Just got in from boot camp and whew! He said it was a "light" day but try telling that to my thighs and stomach muscles! The pain (NO PAIN NO GAIN!) yesterday was so bad that I had D check my entire body to look for bruises. I felt like my muscles had cracked! Well, it was BRILLIANT and IS brilliant! No matter if it is a "light" day or a "hard" day...the beauty of boot camp is, YOU are your own boss. You can choose to go through the motions or you can choose to push yourself as hard as possible.
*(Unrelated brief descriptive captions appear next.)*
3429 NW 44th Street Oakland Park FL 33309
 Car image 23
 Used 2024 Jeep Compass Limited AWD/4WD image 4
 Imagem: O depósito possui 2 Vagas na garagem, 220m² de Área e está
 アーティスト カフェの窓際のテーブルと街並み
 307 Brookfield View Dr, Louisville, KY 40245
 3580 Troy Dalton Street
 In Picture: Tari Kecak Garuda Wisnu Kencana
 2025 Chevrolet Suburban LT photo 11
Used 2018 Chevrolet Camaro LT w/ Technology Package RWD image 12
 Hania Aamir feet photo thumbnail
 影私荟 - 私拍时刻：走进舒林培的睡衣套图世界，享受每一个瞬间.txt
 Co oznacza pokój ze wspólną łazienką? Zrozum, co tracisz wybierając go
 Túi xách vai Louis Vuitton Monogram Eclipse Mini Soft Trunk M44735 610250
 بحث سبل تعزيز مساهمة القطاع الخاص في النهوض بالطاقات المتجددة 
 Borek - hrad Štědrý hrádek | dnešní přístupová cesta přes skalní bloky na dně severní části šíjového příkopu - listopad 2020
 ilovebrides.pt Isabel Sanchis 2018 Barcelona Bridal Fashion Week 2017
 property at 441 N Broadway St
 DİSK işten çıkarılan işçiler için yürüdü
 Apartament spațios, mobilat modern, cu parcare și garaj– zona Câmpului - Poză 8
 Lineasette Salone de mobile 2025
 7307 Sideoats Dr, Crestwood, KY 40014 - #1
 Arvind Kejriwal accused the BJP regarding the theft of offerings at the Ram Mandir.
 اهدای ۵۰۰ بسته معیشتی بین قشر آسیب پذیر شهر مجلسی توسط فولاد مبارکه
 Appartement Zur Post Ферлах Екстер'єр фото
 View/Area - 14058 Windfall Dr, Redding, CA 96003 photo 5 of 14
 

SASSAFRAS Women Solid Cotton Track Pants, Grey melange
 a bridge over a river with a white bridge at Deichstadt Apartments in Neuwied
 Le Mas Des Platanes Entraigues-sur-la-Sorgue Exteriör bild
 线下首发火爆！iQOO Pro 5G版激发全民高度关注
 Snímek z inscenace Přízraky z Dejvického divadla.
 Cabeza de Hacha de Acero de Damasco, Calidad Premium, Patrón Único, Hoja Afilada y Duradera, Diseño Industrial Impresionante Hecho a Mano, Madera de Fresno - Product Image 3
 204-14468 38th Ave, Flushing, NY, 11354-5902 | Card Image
I have a new method that has worked wonders for me to continue to break through my walls and push through the pain. I go and go and go, whether it is the ladder, push ups, tap downs, free weights, WHATEVER IT IS, I go until I feel like I'm going to throw up and I try to go FAST. Once I feel like throwing up I opt out, count to five and if I STILL feel like throwing up, I count to twenty outside and then go back in and start all over again with a new gusto. Usually after counting to 5 I am totally fine and can start again quickly. However, about twice during class I go out and count to 20 and then go back in. I'm hoping by the end of of this cycle I'll only be going out once during class. =)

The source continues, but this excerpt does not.